Stored data
=======
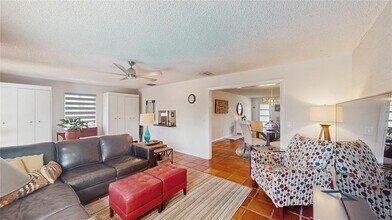 1729 NW 37th St in Oakland Park, FL - Building Photo - Building Photo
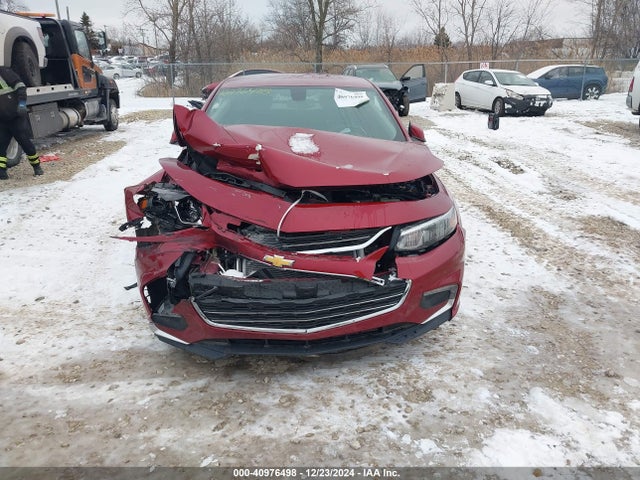 1G1ZD5ST8JF271542 Chevrolet MALIBU LT
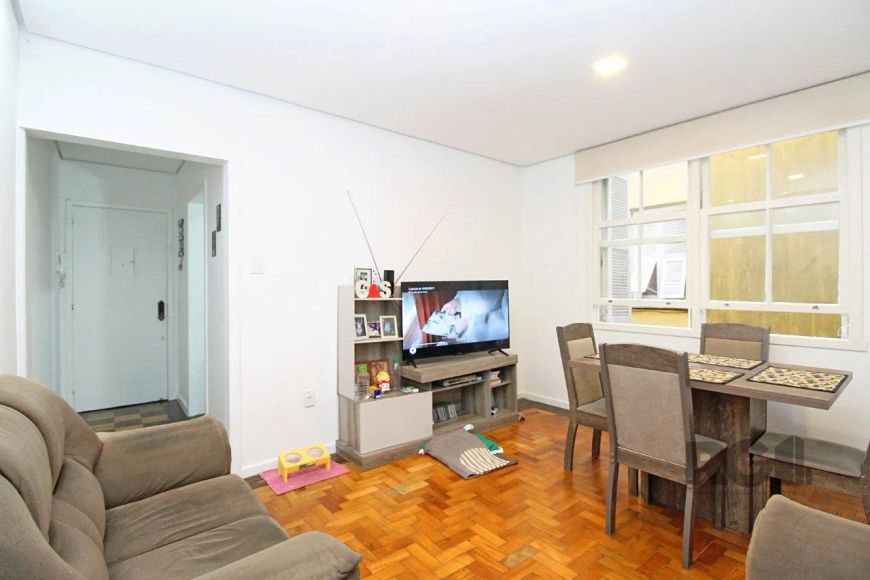 Apartamento reformado, com 2 dormitórios na Cidade Baixa, suíte e closet, living 2 ambientes, ampla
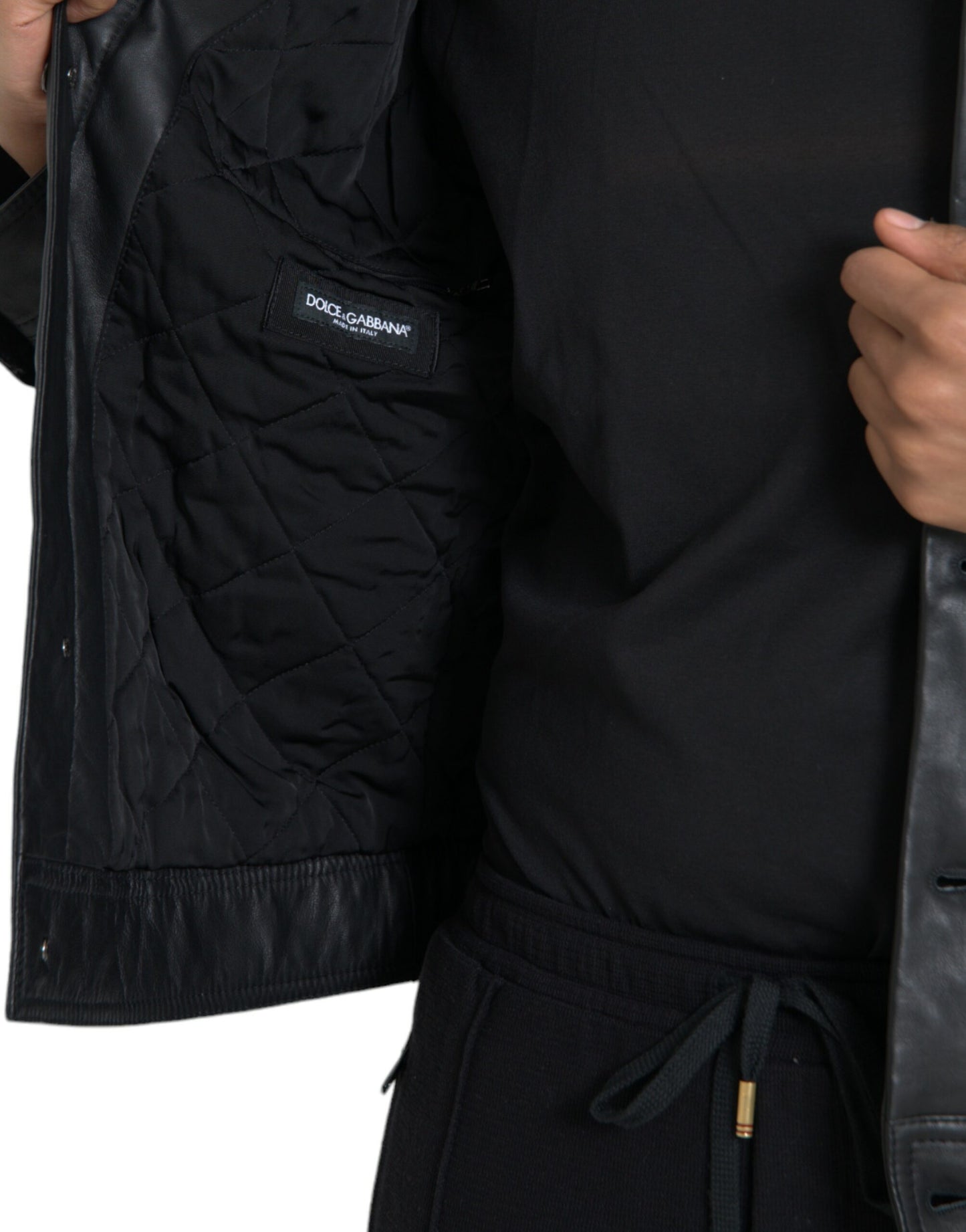 Chaqueta de motociclista con cuello de piel de cuero negro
=======
Assignment
Without any pictures, transcribe the listing above exactly as written.

Your solution
 1729 NW 37th St in Oakland Park, FL - Building Photo - Building Photo
 1G1ZD5ST8JF271542 Chevrolet MALIBU LT
 Apartamento reformado, com 2 dormitórios na Cidade Baixa, suíte e closet, living 2 ambientes, ampla
 Chaqueta de motociclista con cuello de piel de cuero negro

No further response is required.